Friday, September 25, 2009

Tricia Lawless Murray

curated by tricia lawless murray:
marc adelman, stephanie allespach, victor cobo, anne colvin, catherine daly, amber fox, phyllis green, jason hanasik, evah hart, micol hebron, elise irving, zsolt kadar, Ali Kheradyar,
tricia lawless murray, leigh mccarthy, christopher picon,
nancy popp, jessica rosen, amy Sampson, david sotelo, felis stella, casey stroud and museum of viral memory,

1. In psychoanalytic theory, the sum of all instincts for self-preservation.
2. sexual drive; libido.

Psychoanalysis. (usually lowercase) the death instinct, esp. as expressed in violent aggression.

I have decided to curate a photography show that has the theme of eros/thanatos... ideas that i find interesting and that influence my work. The works included interpret the theme and are proof prints that are no larger than 8x10 inches that will be taped to the wall. Ideally the works will go into a box that can circulate to other venues and be presented in a similar manner.

The following is excerpted from and provides an entry point into the theme beyond the definition of the terms eros/thanatos:

"It is not by chance, I suggest, that the hypothesis of a death drive (Todestrieb) was suggested to Freud around 1919 by the massive geopolitical trauma that hit Europe as the aftermath of the Great War. He postulated it to account for the symptoms of repetition compulsion he observed in patients suffering from war neuroses and described it as something beyond representation, something that pertains to the primary process alone and has no psychic representatives or, we might say, no translation. Coexisting with it in each organism, in continuous conflict, are the life drives that seek to preserve living substance and shape it into ever larger physical and social units, with all the costs and benefits attendant upon civilization. It has been argued that the late Freud’s hypothesis of a primal (self-)destructive drive reconfigures the dynamic landscape of the psyche and ascribes to the death drive the “radical tendency to unbind,” that is, the
disgregating, uncivilizing force that Freud had first associated with the sexual drive."

The quote comes from Teresa de Lauretis who delineates the relevance of Freud’s life and death drives in her recent book Freud’s Drives: Psychoanalysis, Literature and Film.

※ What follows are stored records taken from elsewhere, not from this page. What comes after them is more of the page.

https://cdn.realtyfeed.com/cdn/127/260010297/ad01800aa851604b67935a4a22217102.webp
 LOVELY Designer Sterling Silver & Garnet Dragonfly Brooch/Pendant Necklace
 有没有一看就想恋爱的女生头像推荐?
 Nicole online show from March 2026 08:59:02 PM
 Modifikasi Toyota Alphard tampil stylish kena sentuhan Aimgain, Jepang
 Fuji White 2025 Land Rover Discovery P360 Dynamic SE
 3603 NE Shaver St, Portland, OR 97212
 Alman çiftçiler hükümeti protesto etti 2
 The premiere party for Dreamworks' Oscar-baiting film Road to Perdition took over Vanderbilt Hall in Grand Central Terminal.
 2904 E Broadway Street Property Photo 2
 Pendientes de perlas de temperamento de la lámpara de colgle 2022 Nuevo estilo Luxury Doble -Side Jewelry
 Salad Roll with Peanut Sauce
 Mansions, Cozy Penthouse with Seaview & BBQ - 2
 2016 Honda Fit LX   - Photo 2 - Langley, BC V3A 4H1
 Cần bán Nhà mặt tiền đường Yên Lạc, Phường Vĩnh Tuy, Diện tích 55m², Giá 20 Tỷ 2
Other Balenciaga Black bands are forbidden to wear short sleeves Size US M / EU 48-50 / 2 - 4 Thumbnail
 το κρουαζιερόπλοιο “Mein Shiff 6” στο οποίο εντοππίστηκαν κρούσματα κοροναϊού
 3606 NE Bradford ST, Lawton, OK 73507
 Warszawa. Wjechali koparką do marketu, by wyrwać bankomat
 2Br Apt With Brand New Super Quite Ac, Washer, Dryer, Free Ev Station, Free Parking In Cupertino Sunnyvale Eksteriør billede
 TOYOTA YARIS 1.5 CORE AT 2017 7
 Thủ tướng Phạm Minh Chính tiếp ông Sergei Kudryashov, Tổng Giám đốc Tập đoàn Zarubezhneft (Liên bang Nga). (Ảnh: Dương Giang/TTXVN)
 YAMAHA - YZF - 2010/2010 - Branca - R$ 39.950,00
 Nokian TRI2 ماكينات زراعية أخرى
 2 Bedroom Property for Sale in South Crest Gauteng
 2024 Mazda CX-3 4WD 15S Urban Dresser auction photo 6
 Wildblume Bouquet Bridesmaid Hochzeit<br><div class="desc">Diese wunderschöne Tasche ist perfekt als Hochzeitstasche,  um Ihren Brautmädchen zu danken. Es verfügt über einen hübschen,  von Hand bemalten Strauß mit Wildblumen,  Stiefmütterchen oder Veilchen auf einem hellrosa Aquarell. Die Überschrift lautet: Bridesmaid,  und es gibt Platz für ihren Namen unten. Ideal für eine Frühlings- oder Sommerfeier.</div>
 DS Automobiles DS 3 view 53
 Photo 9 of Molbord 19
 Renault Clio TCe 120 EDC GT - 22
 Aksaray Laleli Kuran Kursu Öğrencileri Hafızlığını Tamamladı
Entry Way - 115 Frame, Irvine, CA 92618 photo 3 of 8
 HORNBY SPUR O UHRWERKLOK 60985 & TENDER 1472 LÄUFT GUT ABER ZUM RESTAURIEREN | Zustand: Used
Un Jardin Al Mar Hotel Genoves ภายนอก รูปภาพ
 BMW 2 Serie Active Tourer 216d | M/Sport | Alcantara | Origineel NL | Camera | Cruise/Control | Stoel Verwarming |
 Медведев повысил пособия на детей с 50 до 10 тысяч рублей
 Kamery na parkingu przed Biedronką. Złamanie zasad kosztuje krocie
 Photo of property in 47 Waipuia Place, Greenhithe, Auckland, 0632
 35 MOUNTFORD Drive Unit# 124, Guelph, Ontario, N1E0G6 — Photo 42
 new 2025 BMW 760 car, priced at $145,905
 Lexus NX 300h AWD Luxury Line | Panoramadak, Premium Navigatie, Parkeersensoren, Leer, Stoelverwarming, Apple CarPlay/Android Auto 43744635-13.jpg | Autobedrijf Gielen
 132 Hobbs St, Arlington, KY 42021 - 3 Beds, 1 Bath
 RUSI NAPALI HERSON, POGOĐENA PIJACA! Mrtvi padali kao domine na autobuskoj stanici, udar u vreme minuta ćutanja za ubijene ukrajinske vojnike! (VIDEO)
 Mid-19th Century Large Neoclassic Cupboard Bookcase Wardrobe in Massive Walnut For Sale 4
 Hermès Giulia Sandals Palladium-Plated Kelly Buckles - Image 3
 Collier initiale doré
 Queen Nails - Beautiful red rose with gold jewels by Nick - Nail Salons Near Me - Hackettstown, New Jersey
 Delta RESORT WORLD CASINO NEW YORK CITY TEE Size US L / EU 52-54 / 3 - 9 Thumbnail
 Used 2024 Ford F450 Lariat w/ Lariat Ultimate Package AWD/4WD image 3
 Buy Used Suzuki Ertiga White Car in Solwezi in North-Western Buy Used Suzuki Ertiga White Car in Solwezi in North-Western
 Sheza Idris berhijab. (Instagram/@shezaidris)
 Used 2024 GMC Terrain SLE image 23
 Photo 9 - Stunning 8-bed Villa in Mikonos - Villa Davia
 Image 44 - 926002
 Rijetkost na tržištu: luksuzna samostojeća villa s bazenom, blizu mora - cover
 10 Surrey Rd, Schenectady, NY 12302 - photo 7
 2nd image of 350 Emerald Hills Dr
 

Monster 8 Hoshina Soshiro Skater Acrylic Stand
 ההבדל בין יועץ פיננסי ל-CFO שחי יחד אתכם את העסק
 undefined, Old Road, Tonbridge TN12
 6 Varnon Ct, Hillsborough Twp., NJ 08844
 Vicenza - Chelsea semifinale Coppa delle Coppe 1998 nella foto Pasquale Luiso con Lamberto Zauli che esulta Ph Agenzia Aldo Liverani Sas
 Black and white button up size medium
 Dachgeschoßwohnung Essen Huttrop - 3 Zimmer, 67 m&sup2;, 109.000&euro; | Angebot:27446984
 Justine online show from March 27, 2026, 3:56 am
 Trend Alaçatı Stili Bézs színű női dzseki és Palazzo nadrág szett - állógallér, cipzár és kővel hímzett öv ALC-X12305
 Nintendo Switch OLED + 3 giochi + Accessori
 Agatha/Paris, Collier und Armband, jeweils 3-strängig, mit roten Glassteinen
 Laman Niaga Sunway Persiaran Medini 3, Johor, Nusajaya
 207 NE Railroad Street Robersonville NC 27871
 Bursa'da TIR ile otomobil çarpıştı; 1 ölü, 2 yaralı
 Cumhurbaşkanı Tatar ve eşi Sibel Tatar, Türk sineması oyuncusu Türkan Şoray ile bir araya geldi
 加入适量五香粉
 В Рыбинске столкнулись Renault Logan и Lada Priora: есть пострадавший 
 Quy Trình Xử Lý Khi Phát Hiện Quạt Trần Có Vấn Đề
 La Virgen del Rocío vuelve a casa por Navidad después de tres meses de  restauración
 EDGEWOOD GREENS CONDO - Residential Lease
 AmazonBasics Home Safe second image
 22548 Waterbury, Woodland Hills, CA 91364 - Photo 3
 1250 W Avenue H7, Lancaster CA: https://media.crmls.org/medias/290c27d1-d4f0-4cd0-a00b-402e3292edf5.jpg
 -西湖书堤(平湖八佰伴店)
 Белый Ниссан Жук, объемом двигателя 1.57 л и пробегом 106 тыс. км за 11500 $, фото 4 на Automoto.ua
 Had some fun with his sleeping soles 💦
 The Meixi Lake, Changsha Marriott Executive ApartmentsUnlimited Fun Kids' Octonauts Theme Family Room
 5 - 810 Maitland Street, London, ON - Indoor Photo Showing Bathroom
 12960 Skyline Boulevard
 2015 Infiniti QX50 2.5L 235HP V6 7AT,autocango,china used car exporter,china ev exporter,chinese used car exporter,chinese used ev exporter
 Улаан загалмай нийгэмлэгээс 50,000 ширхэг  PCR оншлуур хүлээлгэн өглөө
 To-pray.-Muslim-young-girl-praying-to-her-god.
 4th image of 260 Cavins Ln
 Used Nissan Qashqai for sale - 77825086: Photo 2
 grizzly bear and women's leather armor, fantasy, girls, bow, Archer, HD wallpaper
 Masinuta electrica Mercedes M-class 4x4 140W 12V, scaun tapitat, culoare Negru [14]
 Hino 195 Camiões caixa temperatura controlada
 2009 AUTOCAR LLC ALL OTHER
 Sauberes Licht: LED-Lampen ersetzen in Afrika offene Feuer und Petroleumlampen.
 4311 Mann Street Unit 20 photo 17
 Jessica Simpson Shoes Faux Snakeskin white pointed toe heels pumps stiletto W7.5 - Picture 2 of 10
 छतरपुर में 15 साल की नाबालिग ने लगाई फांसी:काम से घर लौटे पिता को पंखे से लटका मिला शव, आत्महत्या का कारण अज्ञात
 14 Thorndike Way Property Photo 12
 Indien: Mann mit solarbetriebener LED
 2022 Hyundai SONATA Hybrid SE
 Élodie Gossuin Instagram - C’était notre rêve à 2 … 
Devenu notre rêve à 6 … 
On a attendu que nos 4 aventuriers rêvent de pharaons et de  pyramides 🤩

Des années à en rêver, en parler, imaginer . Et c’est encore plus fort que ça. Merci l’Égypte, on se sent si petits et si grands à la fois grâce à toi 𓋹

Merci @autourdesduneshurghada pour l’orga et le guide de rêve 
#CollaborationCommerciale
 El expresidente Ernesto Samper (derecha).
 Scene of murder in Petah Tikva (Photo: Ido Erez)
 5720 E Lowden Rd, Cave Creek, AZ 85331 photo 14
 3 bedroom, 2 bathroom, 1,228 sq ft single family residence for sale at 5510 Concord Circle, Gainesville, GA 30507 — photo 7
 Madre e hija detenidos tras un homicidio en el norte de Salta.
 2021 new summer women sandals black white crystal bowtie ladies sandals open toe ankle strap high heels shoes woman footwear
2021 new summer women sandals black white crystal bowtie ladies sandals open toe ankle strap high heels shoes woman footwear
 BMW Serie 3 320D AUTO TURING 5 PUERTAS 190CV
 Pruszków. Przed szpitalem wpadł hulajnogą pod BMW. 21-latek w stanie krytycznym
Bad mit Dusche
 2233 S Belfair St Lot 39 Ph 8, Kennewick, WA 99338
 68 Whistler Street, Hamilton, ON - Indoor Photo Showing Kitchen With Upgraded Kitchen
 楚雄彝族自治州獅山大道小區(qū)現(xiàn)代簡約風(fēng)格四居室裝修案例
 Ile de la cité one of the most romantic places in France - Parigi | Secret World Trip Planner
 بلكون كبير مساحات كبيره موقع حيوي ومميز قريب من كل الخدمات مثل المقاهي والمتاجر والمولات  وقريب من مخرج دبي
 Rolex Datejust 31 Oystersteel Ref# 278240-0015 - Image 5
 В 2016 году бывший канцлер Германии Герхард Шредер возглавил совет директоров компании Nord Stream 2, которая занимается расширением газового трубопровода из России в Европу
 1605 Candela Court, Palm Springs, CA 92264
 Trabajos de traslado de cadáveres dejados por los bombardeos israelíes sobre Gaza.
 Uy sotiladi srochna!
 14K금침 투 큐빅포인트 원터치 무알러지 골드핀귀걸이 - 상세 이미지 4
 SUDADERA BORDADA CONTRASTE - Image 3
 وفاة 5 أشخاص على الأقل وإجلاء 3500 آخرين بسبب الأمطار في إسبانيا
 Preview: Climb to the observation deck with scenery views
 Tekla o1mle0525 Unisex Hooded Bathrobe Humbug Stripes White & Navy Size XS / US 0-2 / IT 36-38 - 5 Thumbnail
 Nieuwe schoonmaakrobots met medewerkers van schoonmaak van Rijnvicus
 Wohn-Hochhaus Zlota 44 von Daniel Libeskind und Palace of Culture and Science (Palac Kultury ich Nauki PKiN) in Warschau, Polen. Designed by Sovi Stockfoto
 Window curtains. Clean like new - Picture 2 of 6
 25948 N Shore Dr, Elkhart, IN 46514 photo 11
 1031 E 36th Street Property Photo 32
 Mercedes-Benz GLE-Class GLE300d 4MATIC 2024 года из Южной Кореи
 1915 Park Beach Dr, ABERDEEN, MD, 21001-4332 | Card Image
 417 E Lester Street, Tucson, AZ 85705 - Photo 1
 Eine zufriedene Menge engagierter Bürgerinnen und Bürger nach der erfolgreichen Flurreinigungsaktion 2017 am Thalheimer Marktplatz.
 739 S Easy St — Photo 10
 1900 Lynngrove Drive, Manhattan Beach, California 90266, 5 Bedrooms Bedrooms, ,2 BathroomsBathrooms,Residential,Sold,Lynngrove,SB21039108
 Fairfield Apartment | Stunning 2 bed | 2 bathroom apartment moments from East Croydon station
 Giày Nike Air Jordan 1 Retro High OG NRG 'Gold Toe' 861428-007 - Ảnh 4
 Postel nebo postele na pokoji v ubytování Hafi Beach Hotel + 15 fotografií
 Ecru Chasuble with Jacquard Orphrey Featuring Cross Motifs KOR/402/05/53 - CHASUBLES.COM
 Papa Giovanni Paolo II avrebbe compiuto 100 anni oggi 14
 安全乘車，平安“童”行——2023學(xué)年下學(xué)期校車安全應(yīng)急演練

She suggests that these drives offer a model of contemporary subjectivity that enables “survival” through the “gnawing, dull pain of betrayal,” one that turns against the critical theory that she has participated in constructing. As a self-professed feminist, I too have come to terms with the dogma that once bound me and find in Freud’s drives, a (permeable) model that contains within itself the mechanism for its preservation and its unraveling or undoing, a process that is linked to eros/thanatos, which for me is the quintessential representation of desire.